También en esta difícil obra, mi paradigma es la lectura de Claudio Abbado, y no por ninguna grabación, sino en la privilegiada ejecución que nos diera en el Teatro Teresa Carreño en 1999, con la Orquesta Juvenil Gustav Mahler. Entonces entendimos que, por sobre todo, la sinfonía es un homenaje a la música, a su indefectible y fiel, más que casi ningún otro afecto en esta vida, compañía perenne, tal fue la solaridad, el goce, la fruición, la nitidez que caracterizaron sus sonidos entonces.

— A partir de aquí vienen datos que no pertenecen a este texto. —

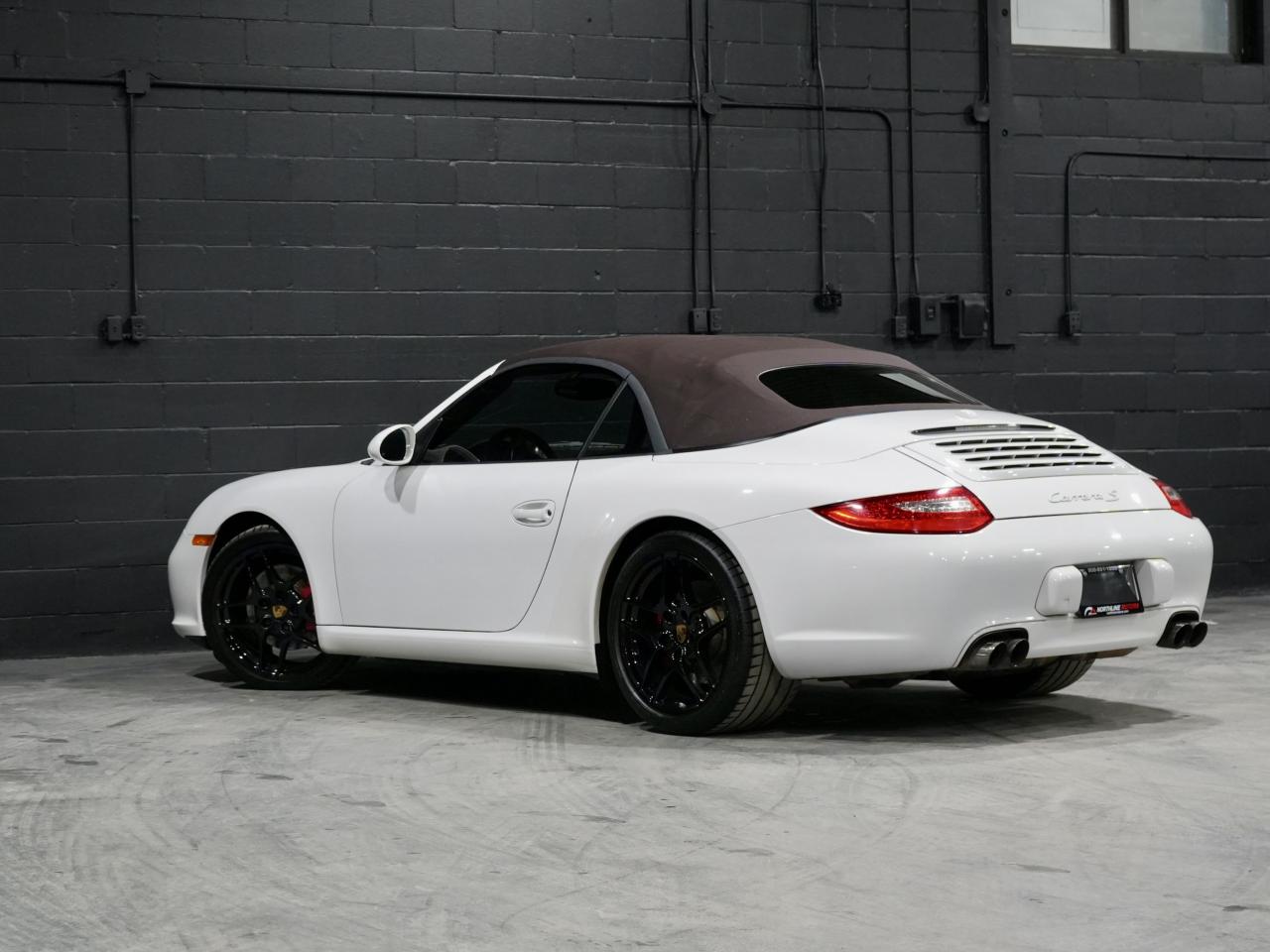 2010 Porsche 911 2dr Cabriolet Carrera S/BOSE/NAV/NO ACCIDENT Photo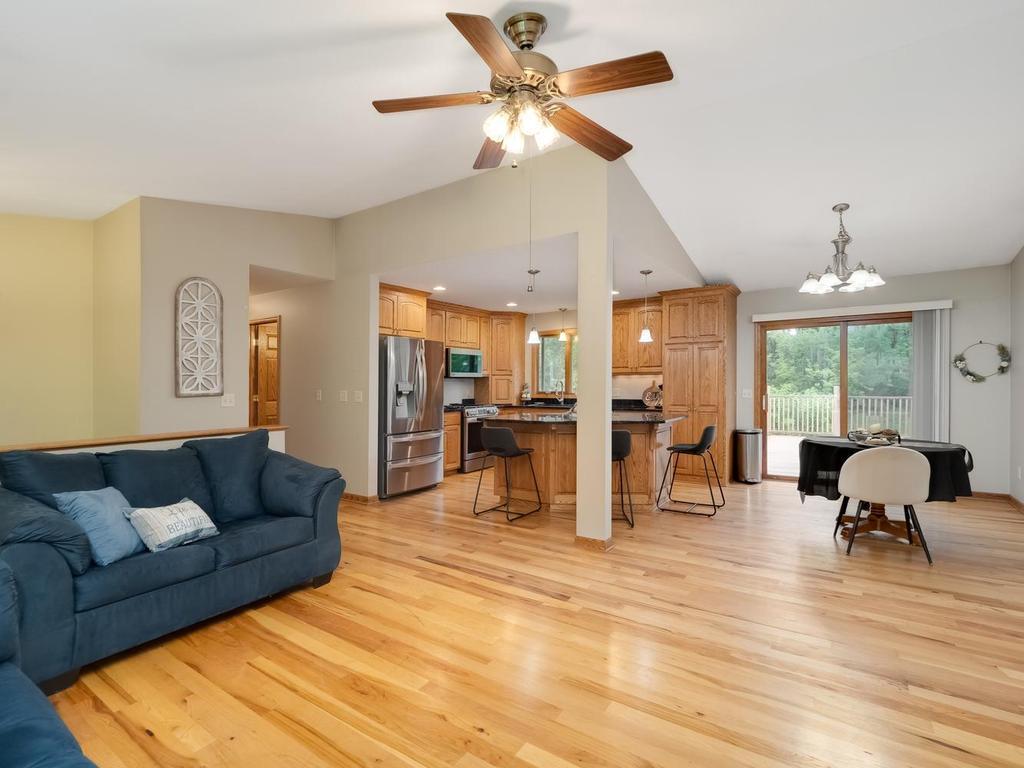 1120 227th Avenue NW Oak Grove MN 55005 7062715 image14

Muy otra fue la impresión que nos llevamos de la interpretación de la Sinfónica Juvenil Simón Bolívar, comandada por el director coreano Sung Kwak, por su enfoque excesivamente apolíneo, su afán por la contención y la corrección, su mesura sin tachas, pero sin ningún interés en descubrir nada nuevo ni iluminador en su partitura, como indiferente al enigma de la sinfonía.
Contundente y preciso en el Langsam inicial, aunque las trompas (cruciales en esta obra) nunca las tuvieron todas consigo. La primera Nachtmusik fue francamente pesada y aburrida, así como el burlesco vals, tocado con demasiada corrección, lo cual en una sátira es casi un contrasentido, y a años luz de los efectos sensuales logrados por Abbado en su momento, y que se nos grabaron como a fuego. Su mejor momento fue la segunda Nachtmusik, que siguió con un lirismo delicado y hurgador. Fue notable como logró equilibrar a la masa orquestal para que guitarra, mandolina y arpa protagonizaran el movimiento. Pero la pesadez y la extrema seriedad volvieron a nublar el Rondo final, contraviniendo la parodia mahleriana de insertar deformadamente el tema wagneriano. La Séptima Sinfonía es una obra en la que tocar intachablemente (y esto casi lo logran) no basta. Es una obra en la que hay que decir, casi gritar su contenido. Aunque no sepamos muy bien cuál es.
Pero nunca podemos serle indiferente.